I tried that and when it was copying then a message came up saying file to big. Then explorer has caused invalid page fault can't remember where now, your sytem will shut down.
Then have to take out the disk and soon as that happens the icon is gone out of device manager.
Have to put boot disk in, and cd go through cd support again and it comes back but all funny, but while in the dos, press F: it changes to F: Press dir and get cdr103 f has no volume. Press f: again then cdr103 abort retry fail. Press f: again then Fail on Int 24. Boot up check out device manager icon there but name atapi messed up again. In the Int 13 its greyed out no check mark.
This is getting ridiculous. DMA Disconnect, Auto insert all checked.
Would there be a problem in my windows somewhere or maybe my system.ini file. It was fine until I had that explorer thing. Just grasping at straws right now.

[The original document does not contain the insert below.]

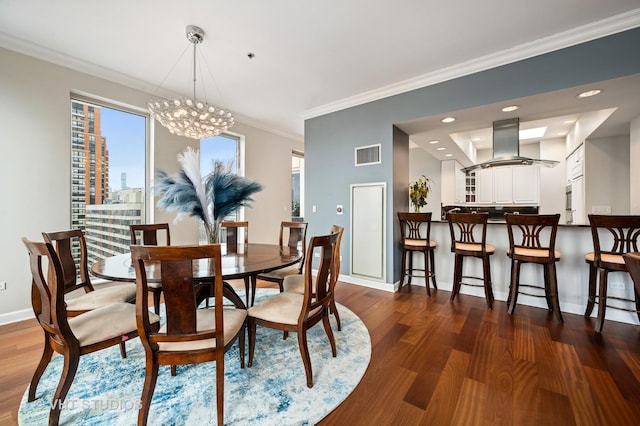 1250 S Michigan Ave Unit 2900, Chicago, IL 60605 - dining space with ornamental molding, dark wood-style flooring, visible vents, and baseboards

I was able to use my win 98 se to extract a file from it that I was missing the MSVCRT40.dll one. I'm still on A, C. Don't suppose using cdrom, c, a would work. No I'm not going into the bios just remembered what was in there. Like I said grasping at straws.


----------



## ~Candy~ (Jan 27, 2001)

I'm not sure why it would say file too big.....all you are doing is copying from the cdrom to the hard drive.

The error messages are important and mean something, so it's best if you write them down.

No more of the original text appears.